Growing up in the U.S. with other young Latinx friends, Varela said he knew the struggle of feeling too American for his home country, but too foreign for the U.S.. Even with Latin media like Telemundo and movies like Spike Lee’s “Do the Right Thing,” Varela said Latinx representation was never consistent or complete.

“So instead of saying, 'I want someone else to do this for me,' because of technology, I'm like, 'I'm gonna do this, and I'm just gonna start telling the stories that I want to tell,'” Varela said.

After his opening remarks, the floor was open for attendees to ask questions. Topics of discussion included how the Spanish language is tied to Hispanic identity, stereotypes in media, intersectionality and more.

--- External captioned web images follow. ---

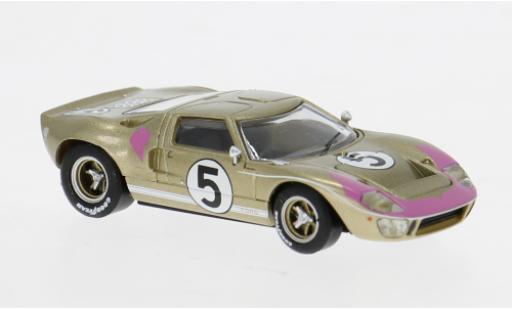 Modellautos Ford GT40 GT 40 Le Mans 1966 #5 R.Bucknum/D.Hutcherson 1/87 Brekina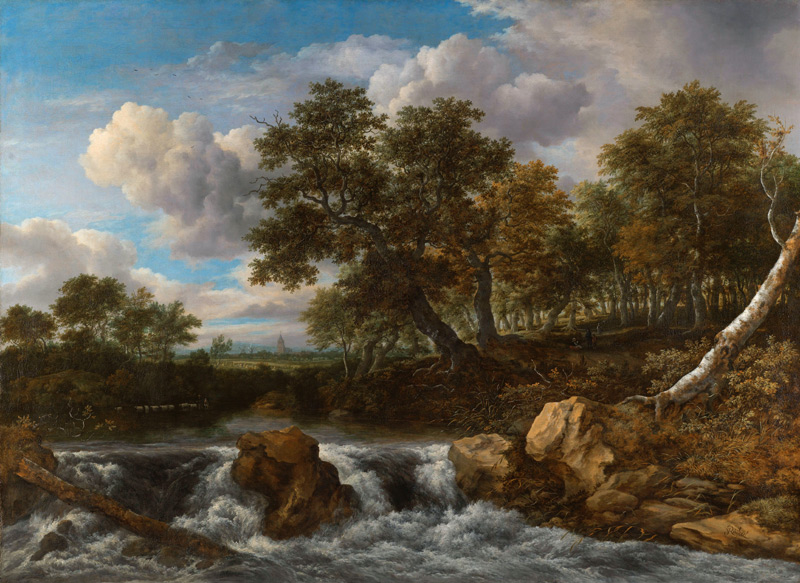 Landscape with Waterfall od Jacob Isaacksz van Ruisdael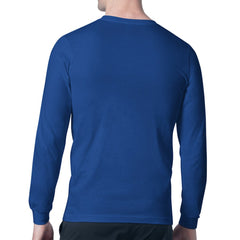 St. Louis Blues Starter Modern Tailsweep Long Sleeve T-Shirt Blue
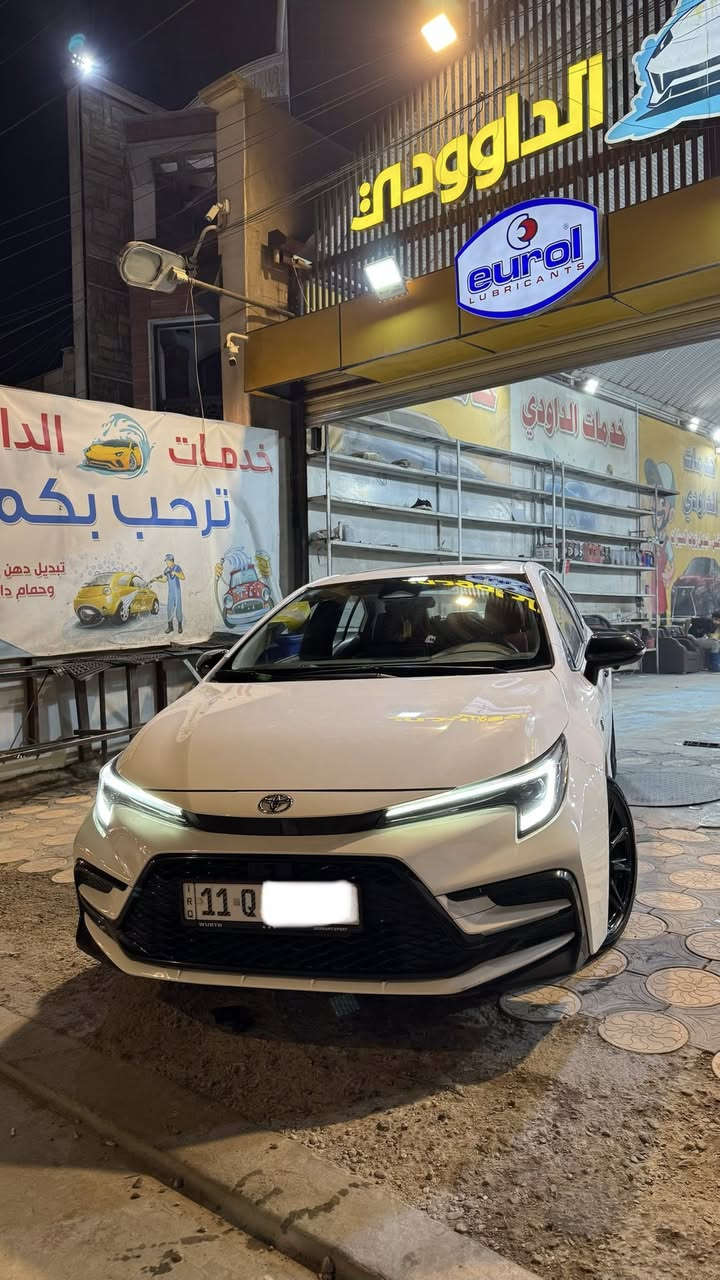 السلام عليكم 
كورلا هايبرد gr 2024 خليجي بغداد اعلى فئة بالكورلا الوجبة الاولى 
ماشية ٣٠ الف كيلو قابل للزيادة
المواصفات
اربع كامرات محيطية
حساس امامي خلفي
مانع اصطدام امامي خلفي
قيادة الية 
الحفاظ على المسار
كروس سرعة
تحذير سرعه
داخل احمر مختم gr
السيارة بلاك بلادي
وهواي بيهه مواصفات بعد 
السيارة كله بلاديه ما مضيوف الها اي شي ماعده السبايدر والشفقة الخلفيات دواساتها البلاديه موجوده ممفتوحه الأدامة كله مواد اصلية بمركز Car Plus
السعر ٢٥ مليون ابيع عراقي فقط وبيه مجال 
العنوان الغزالية
***********
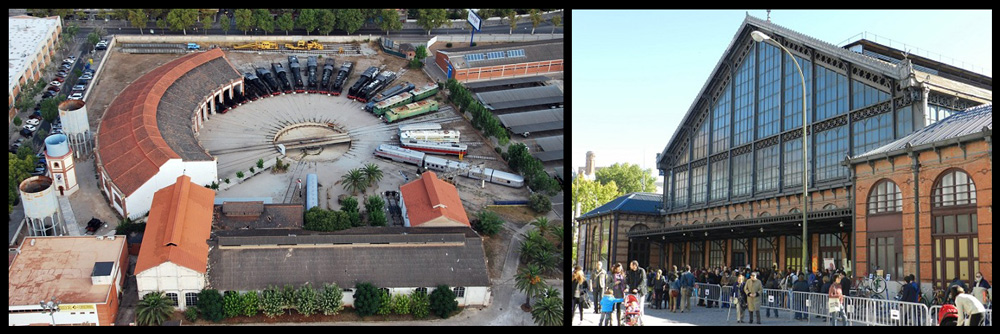 Rehabilitaci�n de los Museos del Ferrocarril de Catalu�a y Madrid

Aliyah Efotte, a third-year honors sciences and humanities student from Cyprus, is also an at-large senator for the Student Government Association. Efotte said as a liaison between the student body and the administration, it is necessary for her to become involved in educational events like these.

“And, I don't know, I've never seen ‘In the Heights,’ so I just wanted to hear more about Latinx culture, and like, it's kind of something that I've never really heard anything about, especially from the perspective of a Latinx professional like we're about to hear,” Efotte said.

Rithika Nayar, a first-year biochemistry student from Allen, said she has seen the “In the Heights” film before and is a fan of the original musical. As an activist for neurodivergent, disabled and Asian-American rights, she said these kinds of discussions are interesting for her.

“I feel like this film is really important to show because it highlights the effect that a lot of gentrification has on Black and brown communities, you know, the movie centers around someone who's trying to make it and, you know, make enough money so that he can head back to his home country, and that is something I relate to as an immigrant,” Nayar said.

After a 15-minute break following the question-and-answer portion of the night, the movie screening began. While this event concluded Hispanic Serving Institute Week at Tech, National Hispanic/Latinx Heritage Month will continue until Oct. 15.